As corporate Asia plots its path out of the pandemic, there is significant scope to turn this around, thereby supporting the region’s recovery. Asian companies have continued to scale up even during the COVID-19 pandemic. The number of Asian companies included in the Fortune 500 increased from 208 in 2018 to 229 in 2021. Resources (minerals, metals, utilities, chemicals, and energy), real estate, transportation and logistics, and financial companies account for about 67 percent of Asia’s Fortune 500 firms.
Asian corporate profits have expanded, too. Our analysis of the earnings trajectory of 715 large companies listed on major stock indexes (only the large ones that forecast profits) in China, Japan, and South Korea indicates that profit pools will rise in both 2021 and 2022 as economies rebounded from the pandemic. Our analysis suggests that profit pools of large companies in China (listed on the Shanghai Shenzhen CSI 300 Index) could rise by 31 percent in 2021 and 11 percent in 2022. Profit pools for South Korean companies on the KOSPI 200 Index could rise by 86 percent and 10 percent in those two years. The figures for India (NSE Nifty 50 index) are 42 percent in 2021 and 18 percent in 2022, and for Japan (the Nikkei 255 index) are 47 percent and 7 percent, respectively.
The evidence suggests that Asia has considerable economic momentum, so corporations in Asia have plenty of opportunity to enhance profit pools and unlock productivity through, for instance, accelerating digital adoption and thereby raising productivity, building scale by exploring M&A and continued regionalization, and being bold and agile in the management of organization and portfolios. M&A activity has been solid over the past years. By the third quarter of 2021, several Asian economies had experienced double-digit growth in the number of deals from the year before: China with 40 percent; India, 48 percent; Indonesia, 52 percent; Japan, 18 percent; South Korea, 43 percent; and Vietnam, 78 percent according to Bloomberg data.

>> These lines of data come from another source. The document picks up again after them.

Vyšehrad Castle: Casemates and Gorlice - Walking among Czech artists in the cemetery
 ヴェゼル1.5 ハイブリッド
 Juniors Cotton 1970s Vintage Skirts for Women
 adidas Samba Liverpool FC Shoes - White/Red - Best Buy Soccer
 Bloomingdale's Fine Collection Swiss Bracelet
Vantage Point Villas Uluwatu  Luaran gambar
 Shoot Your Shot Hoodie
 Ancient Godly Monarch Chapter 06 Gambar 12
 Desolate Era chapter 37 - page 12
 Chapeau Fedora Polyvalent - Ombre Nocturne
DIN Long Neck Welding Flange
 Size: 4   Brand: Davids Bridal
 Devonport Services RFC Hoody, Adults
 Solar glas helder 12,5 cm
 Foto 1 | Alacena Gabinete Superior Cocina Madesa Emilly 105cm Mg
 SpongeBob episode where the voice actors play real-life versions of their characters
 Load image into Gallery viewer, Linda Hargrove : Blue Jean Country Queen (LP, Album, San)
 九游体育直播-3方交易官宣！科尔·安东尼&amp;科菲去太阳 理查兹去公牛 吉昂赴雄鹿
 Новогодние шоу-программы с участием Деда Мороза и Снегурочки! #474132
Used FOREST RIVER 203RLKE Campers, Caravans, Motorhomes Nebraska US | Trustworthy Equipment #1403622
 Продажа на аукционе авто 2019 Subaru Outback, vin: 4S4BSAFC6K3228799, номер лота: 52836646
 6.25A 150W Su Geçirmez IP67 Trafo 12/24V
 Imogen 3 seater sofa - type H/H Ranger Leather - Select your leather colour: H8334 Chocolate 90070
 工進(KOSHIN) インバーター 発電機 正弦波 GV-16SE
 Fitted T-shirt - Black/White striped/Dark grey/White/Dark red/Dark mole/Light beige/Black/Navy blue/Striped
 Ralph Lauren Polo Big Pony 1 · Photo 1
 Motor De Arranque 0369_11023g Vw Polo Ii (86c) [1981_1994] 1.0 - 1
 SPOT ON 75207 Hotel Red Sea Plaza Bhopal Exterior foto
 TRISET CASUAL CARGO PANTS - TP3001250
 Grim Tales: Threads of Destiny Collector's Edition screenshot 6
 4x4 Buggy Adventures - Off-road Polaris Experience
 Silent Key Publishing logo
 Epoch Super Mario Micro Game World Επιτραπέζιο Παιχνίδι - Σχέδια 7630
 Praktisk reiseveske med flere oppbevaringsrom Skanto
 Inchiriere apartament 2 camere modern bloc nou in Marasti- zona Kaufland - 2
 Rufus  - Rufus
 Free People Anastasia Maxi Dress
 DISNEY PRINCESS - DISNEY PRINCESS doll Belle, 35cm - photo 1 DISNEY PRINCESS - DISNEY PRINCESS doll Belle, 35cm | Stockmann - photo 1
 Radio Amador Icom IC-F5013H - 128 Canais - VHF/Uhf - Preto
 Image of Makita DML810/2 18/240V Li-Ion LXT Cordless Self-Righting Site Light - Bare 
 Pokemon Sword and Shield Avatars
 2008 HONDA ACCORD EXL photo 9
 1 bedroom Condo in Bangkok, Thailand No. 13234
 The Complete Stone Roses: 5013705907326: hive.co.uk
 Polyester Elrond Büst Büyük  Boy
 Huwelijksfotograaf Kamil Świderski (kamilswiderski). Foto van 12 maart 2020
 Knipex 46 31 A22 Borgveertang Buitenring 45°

On productivity enhancement, one leading software company in India is experimenting with a new working model in which three-quarters of its workforce will work remotely by 2025, increasing the company’s throughput by 25 percent.
The pandemic, its aftershocks, and even its aftermath are likely to pose complex challenges. However, Asia has repeatedly demonstrated its resilience and adaptability in the face of crises, and the region has come out stronger once the crises have receded. MGI research in 2018 highlighted 18 long-term and recent “outperformers” among emerging economies around the world for their resilience and consistent growth, and Asia dominated the list. As COVID-19 eventually recedes, thoughts must turn to how best to meet the challenges ahead, what institutions might be needed, and which ingredients of an Asian model will guide the path ahead.